Un metodo più preciso per misurare la lunghezza dell’anno si basa, come vedremo, sull’identificazione degli equinozi.

In ogni caso, eseguendo numerosissime misurazioni in un lungo arco di tempo, si osserverebbe una regolarità: tra il solstizio di giugno e quello di dicembre si conterebbe una media di 183,5 giorni circa e tra il solstizio di dicembre e quello del giugno successivo si conterebbero 181,75 giorni circa. Di conseguenza si dedurrebbe che un anno (inteso ad esempio come l’intervallo di tempo compreso tra due solstizi di inverno) dura circa 365 giorni e 6 ore. Ci stiamo avvicinando in qualche modo alla definizione di “anno tropico” cioè di un intervallo di tempo legato strettamente all’alternanza delle stagioni. La conclusione di queste osservazioni è che l'”anno tropico” non è formato da un numero intero di giorni e questo è un antico problema implicato nella costruzione dei calendari solari civili i quali devono necessariamente contenere un numero intero di giorni.
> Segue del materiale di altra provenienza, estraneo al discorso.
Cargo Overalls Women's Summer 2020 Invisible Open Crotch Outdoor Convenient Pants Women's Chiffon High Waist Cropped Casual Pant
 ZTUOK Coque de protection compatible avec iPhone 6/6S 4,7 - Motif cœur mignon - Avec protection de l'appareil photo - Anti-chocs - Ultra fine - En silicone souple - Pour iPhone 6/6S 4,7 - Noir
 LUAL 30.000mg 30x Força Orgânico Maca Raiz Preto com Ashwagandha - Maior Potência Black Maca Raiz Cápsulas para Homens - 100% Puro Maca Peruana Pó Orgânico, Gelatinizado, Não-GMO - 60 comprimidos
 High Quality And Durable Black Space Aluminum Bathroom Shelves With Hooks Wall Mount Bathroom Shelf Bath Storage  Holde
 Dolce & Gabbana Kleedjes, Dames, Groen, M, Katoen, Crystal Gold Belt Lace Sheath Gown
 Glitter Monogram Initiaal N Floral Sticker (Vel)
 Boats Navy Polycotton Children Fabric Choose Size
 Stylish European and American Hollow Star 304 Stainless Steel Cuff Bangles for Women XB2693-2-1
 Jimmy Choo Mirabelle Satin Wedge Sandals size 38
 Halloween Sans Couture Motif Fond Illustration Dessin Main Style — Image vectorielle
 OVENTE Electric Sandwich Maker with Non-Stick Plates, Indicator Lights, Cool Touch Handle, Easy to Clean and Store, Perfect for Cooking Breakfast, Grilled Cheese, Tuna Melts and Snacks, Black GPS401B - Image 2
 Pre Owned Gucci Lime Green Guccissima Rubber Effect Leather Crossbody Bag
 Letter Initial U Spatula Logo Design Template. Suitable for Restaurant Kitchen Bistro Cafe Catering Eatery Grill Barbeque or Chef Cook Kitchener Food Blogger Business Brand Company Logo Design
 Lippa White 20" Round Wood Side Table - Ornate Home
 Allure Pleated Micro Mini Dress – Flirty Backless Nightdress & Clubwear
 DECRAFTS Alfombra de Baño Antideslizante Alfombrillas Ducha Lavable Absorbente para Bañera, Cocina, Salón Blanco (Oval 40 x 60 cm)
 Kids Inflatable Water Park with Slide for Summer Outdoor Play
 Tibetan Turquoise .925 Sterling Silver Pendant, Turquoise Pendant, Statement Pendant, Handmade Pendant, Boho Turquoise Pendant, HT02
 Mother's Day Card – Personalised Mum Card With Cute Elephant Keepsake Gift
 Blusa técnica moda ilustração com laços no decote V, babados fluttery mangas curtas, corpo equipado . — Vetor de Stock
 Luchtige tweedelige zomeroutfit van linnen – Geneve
L’oscillare della data di un solstizio nel corso degli anni è legato al nostro calendario gregoriano che ogni 4 anni prevede l’inserimento di un giorno intercalare. Questa operazione serve per mantenere allineati l’anno tropico con l’anno civile, dato che, come si è detto, un anno tropico non ha una lunghezza pari ad un numero intero di giorni.

Infine, il fatto che l’intervallo tra il solstizio di giugno e quello di dicembre sia più lungo dell’intervallo tra il solstizio di dicembre e quello di giugno ha a che fare invece con un altro ordine di fenomeni: la velocità della Terra lungo la sua orbita ellittica non è costante e la linea degli apsidi che congiunge i punti dell’orbita corrispondenti alla massima e alla minima velocità, non coincide con la linea che congiunge i due solstizi.

Come si può vedere, la “semplice” osservazione del comportamento delle ombre proiettate da uno gnomone apre una grande e complessa varietà di questioni legate alla forma della Terra, al suo moto rispetto al Sole e alla misura del tempo.